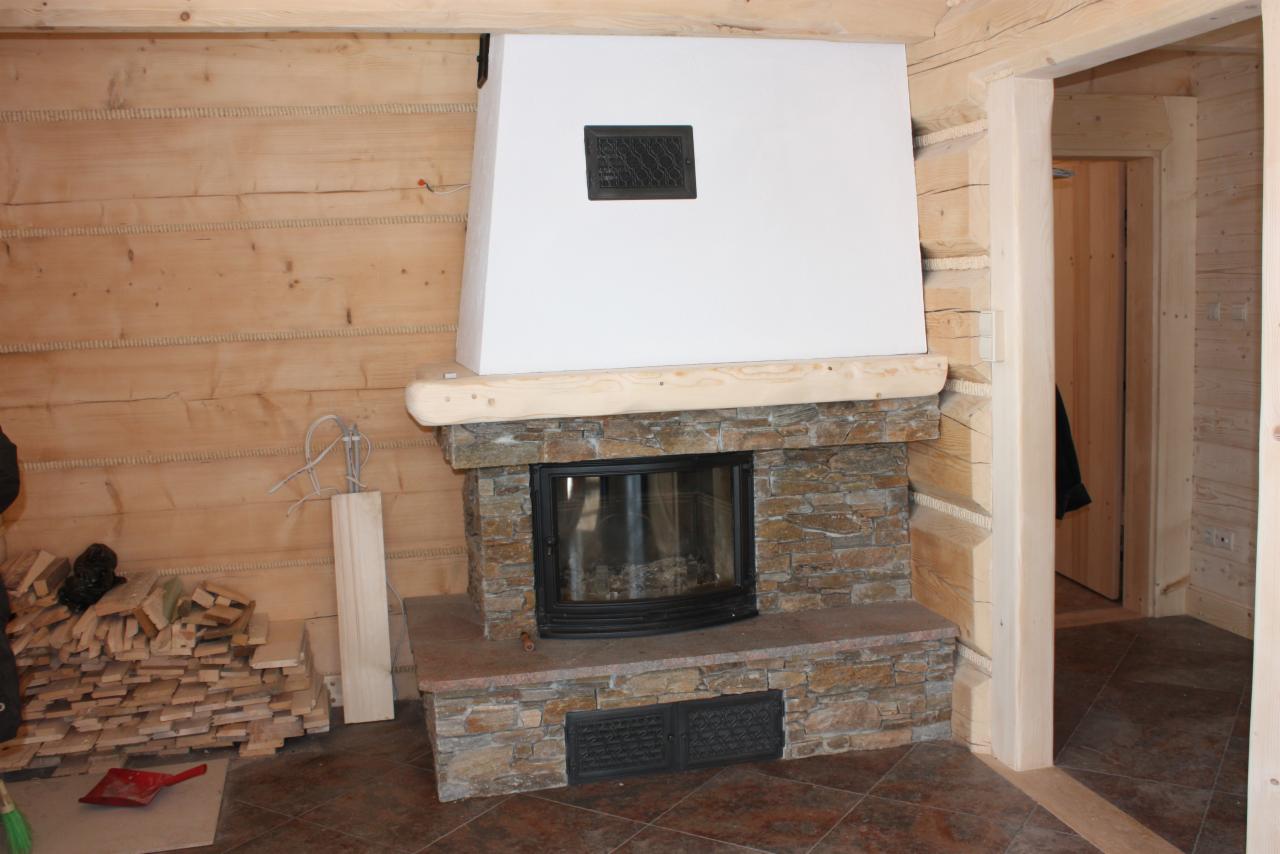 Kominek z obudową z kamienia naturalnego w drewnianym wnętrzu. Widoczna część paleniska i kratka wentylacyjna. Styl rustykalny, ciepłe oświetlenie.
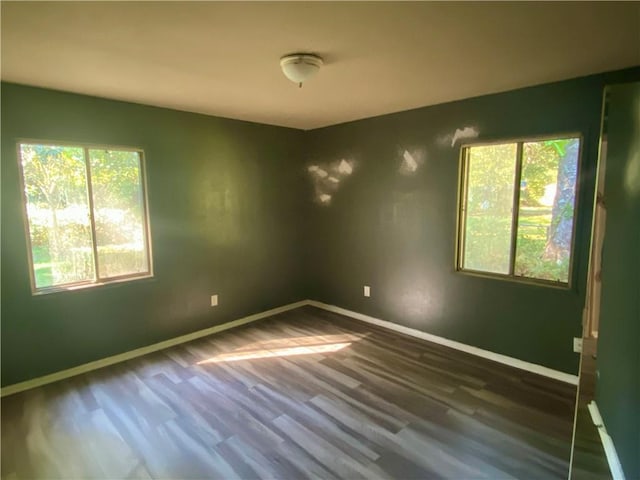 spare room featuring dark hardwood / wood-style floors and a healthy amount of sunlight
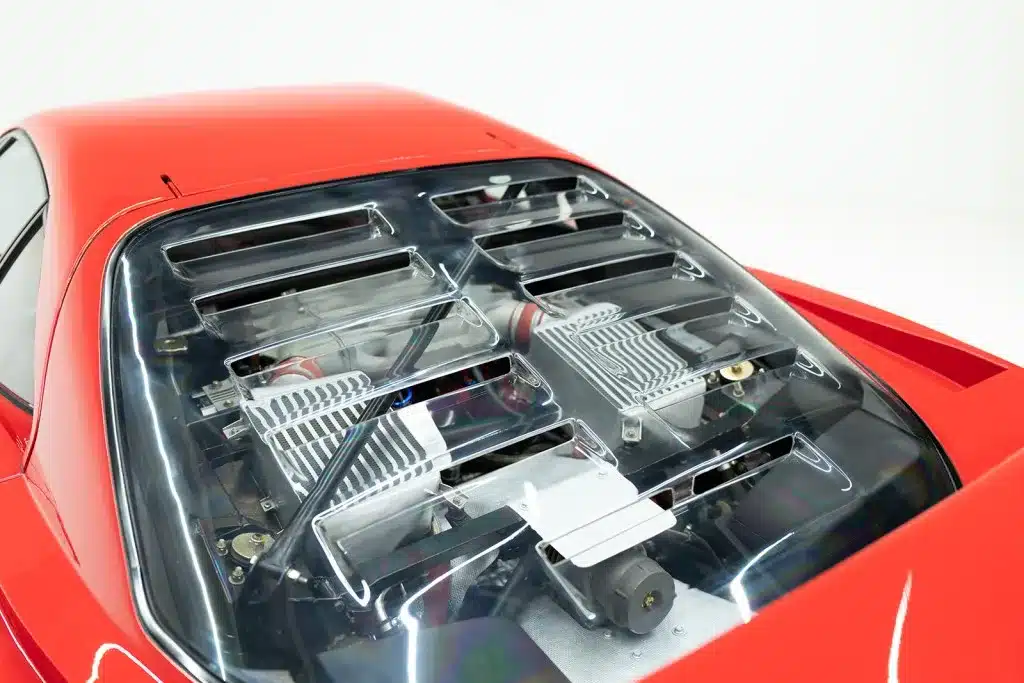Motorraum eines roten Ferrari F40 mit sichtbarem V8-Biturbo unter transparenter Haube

## Work task
Output the listing above exactly, but leave its pictures behind.

## Solution to this task
 Kominek z obudową z kamienia naturalnego w drewnianym wnętrzu. Widoczna część paleniska i kratka wentylacyjna. Styl rustykalny, ciepłe oświetlenie.
 spare room featuring dark hardwood / wood-style floors and a healthy amount of sunlight
Motorraum eines roten Ferrari F40 mit sichtbarem V8-Biturbo unter transparenter Haube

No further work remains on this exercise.